There have been signs that I am nearing the end of child-bearing years. My schoolmates’ Facebook updates have lately been filled with pictures of their children’s proms, graduations, and engagements. More often than not, birth announcements are about their grandchildren now. I never considered how quickly I was approaching grandparent age myself.
Perhaps I should have taken it to heart when I was walking in Changping with my 4- and 8-year-old children and unmarried 22-year-old step-daughter. Several people referred to my step-daughter as the mama of our group, and me as the nainai. THE GRANDMOTHER? Granted, I expect to look older than my step-daughter, but still, grandmother?!
Even so, I still hang on to those maternity clothes in what little closet space I have. They are merely wardrobe basics – shirts, skirts, and pants – all cut for the expectant figure. Theoretically, these are replaceable, though not likely in China. Not only does my size restrict where I shop in China, but also my style. I prefer the clothes I wear through pregnancy to look like my normal attire. In the local maternity departments, I see corduroy overalls and giant teddy bear appliqués, the likes of which aren’t found in my everyday wear.
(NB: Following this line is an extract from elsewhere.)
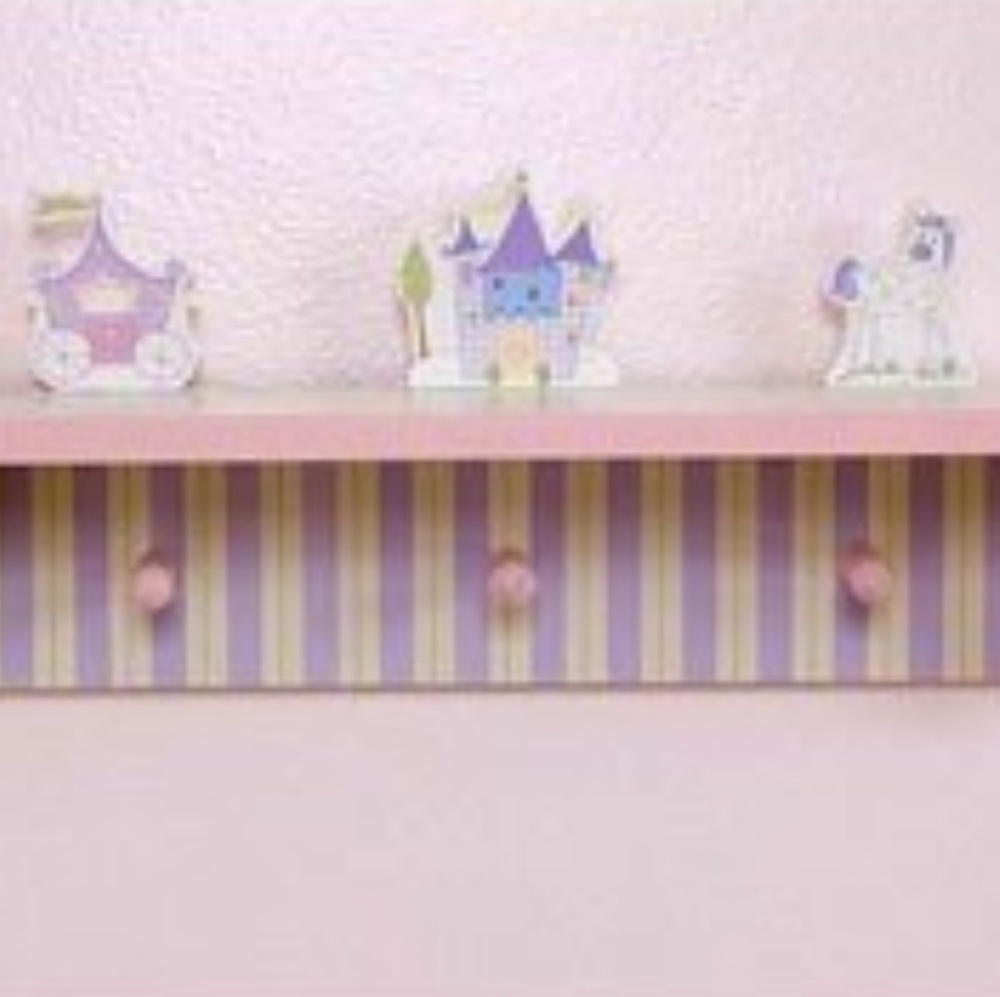 Kidsline Camelot room decor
Among my maternity clothes, too, are what have to be my favorite blue jeans ever. What American woman casually discards her favorite jeans? Typically, these are her “skinny jeans,” a pair that fit her at her happiest weight. For me, though, it has to be my maternity jeans. No other pair of jeans in my life have fit so well for so many years, albeit only for six-month stretches at a time.
I may have a serious case of denial, but I’m not ready to admit that these favorite jeans and my other maternity clothes might need to go. I think I’ll hold on a little longer, just in case.